Word for word, retype the first line of the records and every following line through the one containing "Hello there, this".

Records from a data source:
• • • •

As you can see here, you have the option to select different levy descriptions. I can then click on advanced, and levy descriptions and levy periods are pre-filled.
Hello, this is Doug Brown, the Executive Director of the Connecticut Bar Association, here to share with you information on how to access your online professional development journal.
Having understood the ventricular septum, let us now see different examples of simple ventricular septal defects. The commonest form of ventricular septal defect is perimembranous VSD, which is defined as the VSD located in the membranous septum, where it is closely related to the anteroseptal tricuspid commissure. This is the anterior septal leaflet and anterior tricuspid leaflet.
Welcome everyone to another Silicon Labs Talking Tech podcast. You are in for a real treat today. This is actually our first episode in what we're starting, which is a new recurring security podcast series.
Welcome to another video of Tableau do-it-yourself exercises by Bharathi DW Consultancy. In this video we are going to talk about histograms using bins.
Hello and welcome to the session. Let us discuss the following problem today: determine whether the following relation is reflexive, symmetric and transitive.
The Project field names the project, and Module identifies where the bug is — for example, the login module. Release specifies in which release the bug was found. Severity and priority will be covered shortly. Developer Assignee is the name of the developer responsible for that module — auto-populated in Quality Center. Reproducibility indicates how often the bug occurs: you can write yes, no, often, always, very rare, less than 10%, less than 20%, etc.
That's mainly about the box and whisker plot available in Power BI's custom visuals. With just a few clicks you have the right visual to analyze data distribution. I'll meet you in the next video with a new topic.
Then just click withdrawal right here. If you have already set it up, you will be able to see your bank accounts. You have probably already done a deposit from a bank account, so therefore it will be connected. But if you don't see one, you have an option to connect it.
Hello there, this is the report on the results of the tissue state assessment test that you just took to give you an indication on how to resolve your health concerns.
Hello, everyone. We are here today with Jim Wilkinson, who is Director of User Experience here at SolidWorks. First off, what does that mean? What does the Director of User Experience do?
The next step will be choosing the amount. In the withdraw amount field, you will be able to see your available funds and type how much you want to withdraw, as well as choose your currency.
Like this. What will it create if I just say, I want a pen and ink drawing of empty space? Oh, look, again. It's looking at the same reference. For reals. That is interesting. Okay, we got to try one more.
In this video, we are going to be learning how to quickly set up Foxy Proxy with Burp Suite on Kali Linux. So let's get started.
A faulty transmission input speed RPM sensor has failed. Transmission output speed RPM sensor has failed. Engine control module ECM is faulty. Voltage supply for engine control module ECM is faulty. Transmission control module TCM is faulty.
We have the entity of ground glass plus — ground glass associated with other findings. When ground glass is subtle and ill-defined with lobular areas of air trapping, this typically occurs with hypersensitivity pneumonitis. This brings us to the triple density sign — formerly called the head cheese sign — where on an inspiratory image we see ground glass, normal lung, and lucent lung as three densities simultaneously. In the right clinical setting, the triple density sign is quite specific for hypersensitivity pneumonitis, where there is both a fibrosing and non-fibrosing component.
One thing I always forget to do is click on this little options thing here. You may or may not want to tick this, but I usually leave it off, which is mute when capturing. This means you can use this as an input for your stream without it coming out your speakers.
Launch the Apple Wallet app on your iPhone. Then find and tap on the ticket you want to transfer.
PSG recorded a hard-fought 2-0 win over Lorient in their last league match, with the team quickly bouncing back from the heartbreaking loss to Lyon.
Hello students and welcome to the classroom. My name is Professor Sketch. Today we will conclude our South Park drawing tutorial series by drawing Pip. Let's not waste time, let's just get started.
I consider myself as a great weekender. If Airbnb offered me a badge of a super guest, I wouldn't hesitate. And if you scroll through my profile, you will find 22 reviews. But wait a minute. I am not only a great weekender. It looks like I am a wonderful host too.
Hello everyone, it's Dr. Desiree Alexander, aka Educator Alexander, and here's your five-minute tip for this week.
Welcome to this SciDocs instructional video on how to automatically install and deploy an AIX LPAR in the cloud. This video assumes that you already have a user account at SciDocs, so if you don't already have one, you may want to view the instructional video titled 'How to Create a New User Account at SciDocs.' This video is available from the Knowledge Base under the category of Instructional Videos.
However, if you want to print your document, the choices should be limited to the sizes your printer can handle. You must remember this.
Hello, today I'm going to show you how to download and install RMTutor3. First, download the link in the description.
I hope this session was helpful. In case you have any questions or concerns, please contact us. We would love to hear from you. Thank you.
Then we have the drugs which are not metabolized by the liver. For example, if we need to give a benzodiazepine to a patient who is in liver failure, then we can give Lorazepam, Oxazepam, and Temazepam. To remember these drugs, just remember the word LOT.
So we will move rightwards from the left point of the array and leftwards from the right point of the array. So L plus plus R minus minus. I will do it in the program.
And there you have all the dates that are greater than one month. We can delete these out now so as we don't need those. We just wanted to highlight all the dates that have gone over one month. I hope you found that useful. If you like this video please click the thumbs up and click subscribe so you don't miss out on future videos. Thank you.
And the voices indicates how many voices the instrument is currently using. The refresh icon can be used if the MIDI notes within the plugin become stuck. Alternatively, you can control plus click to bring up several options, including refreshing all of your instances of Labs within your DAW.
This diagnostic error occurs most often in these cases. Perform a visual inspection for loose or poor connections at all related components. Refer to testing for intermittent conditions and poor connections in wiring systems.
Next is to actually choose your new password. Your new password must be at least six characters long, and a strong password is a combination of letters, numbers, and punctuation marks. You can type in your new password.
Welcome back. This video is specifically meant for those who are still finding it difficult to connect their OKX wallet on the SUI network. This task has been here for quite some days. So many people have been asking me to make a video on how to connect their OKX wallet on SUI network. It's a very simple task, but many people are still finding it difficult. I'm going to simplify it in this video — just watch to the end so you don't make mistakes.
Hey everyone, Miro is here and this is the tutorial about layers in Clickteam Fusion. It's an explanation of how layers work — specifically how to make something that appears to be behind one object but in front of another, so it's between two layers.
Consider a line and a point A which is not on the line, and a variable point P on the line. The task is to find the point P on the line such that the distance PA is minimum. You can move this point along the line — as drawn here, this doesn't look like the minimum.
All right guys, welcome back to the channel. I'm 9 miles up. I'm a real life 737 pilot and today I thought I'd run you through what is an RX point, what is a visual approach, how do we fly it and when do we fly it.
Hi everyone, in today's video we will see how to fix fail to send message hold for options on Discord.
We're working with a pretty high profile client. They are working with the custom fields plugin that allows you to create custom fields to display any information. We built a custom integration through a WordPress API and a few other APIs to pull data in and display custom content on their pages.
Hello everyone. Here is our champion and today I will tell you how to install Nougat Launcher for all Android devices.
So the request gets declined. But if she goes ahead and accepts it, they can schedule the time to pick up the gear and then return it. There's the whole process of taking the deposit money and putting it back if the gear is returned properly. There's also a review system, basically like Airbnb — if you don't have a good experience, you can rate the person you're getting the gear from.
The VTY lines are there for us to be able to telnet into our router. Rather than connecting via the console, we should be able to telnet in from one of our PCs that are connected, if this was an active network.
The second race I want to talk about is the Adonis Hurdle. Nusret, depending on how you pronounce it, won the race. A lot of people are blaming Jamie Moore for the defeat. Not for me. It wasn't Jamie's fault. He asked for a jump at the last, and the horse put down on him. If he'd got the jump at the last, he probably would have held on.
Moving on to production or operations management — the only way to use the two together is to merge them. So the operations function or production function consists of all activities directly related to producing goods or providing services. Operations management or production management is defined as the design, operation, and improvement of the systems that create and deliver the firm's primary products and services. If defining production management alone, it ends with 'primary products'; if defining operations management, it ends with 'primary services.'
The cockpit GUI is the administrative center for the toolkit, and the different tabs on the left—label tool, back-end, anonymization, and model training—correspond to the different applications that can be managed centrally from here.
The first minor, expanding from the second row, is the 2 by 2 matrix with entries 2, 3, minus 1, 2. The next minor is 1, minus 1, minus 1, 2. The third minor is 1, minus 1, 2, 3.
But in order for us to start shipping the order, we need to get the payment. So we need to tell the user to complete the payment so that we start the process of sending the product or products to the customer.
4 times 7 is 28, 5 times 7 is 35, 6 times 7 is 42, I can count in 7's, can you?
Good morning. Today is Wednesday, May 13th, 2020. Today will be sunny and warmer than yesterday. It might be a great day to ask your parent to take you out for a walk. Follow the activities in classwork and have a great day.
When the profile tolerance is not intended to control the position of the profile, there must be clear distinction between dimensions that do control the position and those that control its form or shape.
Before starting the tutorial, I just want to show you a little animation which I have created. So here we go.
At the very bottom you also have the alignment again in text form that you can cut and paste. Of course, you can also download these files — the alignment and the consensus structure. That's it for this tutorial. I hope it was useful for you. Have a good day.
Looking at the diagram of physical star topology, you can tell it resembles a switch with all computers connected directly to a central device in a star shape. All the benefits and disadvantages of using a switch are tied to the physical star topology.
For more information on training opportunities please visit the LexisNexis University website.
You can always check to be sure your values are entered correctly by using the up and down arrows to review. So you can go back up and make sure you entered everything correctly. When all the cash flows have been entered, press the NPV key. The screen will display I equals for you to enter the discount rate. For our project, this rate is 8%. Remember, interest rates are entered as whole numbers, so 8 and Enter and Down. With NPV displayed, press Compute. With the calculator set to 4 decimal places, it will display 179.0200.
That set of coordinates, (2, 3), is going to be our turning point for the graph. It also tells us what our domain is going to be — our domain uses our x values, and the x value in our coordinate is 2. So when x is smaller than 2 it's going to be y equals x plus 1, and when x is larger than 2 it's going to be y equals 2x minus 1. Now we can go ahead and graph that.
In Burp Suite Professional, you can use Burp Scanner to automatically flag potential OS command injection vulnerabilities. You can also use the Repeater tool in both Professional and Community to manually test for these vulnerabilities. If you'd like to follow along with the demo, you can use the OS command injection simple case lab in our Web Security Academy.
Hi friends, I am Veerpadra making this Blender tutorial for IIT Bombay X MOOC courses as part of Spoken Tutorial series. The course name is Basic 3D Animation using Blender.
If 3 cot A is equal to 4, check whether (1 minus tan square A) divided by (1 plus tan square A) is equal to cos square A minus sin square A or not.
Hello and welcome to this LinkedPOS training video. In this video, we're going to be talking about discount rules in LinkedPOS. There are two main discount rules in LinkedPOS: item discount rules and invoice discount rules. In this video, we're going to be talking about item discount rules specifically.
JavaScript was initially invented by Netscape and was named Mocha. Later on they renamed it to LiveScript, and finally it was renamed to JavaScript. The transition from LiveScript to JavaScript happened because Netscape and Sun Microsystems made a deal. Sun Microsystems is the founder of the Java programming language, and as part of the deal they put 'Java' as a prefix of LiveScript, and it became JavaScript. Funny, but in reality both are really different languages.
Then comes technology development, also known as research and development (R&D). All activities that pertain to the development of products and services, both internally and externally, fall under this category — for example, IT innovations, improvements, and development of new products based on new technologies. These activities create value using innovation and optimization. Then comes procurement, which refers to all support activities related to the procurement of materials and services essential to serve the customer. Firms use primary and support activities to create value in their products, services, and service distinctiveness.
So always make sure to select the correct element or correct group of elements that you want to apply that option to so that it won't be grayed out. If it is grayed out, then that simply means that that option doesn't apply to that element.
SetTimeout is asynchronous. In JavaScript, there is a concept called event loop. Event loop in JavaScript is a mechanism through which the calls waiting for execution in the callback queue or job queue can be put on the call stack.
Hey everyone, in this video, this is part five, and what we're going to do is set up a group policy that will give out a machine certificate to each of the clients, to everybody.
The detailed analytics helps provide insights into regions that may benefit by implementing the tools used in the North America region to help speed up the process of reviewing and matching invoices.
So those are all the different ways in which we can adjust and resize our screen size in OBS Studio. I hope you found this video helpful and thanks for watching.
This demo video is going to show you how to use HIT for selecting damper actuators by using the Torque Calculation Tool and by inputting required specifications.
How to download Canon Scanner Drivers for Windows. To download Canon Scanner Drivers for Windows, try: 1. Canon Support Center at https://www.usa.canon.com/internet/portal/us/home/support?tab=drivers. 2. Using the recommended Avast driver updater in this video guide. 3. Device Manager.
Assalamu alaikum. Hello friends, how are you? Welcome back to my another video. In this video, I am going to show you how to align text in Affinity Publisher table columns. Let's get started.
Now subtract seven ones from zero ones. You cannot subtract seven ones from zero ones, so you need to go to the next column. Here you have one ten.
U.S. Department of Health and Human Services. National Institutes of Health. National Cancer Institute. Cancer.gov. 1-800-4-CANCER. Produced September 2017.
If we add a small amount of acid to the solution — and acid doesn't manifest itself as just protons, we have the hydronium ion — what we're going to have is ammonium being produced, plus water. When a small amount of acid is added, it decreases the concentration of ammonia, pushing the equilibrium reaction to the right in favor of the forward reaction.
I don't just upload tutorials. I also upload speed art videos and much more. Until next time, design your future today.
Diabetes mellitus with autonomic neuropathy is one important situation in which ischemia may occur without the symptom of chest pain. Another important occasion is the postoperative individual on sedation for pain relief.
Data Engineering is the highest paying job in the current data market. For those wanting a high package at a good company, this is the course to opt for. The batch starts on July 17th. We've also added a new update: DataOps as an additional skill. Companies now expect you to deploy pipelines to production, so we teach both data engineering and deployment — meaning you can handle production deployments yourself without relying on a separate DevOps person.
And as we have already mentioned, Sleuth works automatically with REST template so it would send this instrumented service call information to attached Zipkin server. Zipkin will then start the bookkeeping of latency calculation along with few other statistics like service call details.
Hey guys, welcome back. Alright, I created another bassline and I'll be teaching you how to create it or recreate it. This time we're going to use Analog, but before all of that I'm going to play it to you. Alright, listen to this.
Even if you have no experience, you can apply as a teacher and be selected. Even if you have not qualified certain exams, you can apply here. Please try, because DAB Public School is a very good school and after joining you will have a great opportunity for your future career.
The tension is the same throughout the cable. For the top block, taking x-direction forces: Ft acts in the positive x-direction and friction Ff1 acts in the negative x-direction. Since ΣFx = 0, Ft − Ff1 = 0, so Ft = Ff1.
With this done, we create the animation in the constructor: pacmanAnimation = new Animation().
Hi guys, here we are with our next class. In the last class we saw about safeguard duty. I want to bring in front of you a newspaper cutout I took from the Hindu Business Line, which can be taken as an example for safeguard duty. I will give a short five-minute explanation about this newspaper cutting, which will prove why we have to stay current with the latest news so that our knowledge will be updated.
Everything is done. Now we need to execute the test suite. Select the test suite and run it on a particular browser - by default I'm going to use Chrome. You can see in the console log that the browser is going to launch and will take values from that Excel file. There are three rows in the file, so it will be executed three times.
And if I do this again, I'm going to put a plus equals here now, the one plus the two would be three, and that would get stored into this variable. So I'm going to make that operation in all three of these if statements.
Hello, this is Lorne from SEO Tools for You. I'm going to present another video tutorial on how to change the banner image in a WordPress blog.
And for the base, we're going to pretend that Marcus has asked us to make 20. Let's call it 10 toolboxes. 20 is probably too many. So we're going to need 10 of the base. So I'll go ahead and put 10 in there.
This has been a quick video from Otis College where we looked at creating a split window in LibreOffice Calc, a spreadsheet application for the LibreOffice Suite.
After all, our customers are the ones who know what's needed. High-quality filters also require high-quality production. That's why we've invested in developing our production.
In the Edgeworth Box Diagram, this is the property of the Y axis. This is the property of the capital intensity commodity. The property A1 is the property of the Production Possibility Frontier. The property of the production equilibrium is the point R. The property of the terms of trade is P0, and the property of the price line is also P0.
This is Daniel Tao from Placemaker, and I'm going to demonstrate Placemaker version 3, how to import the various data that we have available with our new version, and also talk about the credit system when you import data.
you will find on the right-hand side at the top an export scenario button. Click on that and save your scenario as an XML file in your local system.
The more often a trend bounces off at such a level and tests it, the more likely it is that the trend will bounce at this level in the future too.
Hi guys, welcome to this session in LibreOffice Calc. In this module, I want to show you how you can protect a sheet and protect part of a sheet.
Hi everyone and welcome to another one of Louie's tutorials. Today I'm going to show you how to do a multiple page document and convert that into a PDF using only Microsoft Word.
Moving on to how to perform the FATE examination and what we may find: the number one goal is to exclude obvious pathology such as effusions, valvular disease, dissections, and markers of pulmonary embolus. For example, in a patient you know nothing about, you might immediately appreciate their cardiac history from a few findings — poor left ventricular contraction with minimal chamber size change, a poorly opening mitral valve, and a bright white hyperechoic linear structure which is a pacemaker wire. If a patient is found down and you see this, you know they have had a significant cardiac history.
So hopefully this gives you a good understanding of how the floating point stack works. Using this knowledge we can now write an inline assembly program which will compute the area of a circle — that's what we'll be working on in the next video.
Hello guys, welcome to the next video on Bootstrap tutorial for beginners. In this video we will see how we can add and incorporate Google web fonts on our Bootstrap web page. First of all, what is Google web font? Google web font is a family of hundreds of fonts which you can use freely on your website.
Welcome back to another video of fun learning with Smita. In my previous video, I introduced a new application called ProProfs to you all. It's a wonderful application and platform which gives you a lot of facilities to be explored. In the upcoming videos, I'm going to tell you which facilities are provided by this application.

• • • •

Answer area:
As you can see here, you have the option to select different levy descriptions. I can then click on advanced, and levy descriptions and levy periods are pre-filled.
Hello, this is Doug Brown, the Executive Director of the Connecticut Bar Association, here to share with you information on how to access your online professional development journal.
Having understood the ventricular septum, let us now see different examples of simple ventricular septal defects. The commonest form of ventricular septal defect is perimembranous VSD, which is defined as the VSD located in the membranous septum, where it is closely related to the anteroseptal tricuspid commissure. This is the anterior septal leaflet and anterior tricuspid leaflet.
Welcome everyone to another Silicon Labs Talking Tech podcast. You are in for a real treat today. This is actually our first episode in what we're starting, which is a new recurring security podcast series.
Welcome to another video of Tableau do-it-yourself exercises by Bharathi DW Consultancy. In this video we are going to talk about histograms using bins.
Hello and welcome to the session. Let us discuss the following problem today: determine whether the following relation is reflexive, symmetric and transitive.
The Project field names the project, and Module identifies where the bug is — for example, the login module. Release specifies in which release the bug was found. Severity and priority will be covered shortly. Developer Assignee is the name of the developer responsible for that module — auto-populated in Quality Center. Reproducibility indicates how often the bug occurs: you can write yes, no, often, always, very rare, less than 10%, less than 20%, etc.
That's mainly about the box and whisker plot available in Power BI's custom visuals. With just a few clicks you have the right visual to analyze data distribution. I'll meet you in the next video with a new topic.
Then just click withdrawal right here. If you have already set it up, you will be able to see your bank accounts. You have probably already done a deposit from a bank account, so therefore it will be connected. But if you don't see one, you have an option to connect it.
Hello there, this is the report on the results of the tissue state assessment test that you just took to give you an indication on how to resolve your health concerns.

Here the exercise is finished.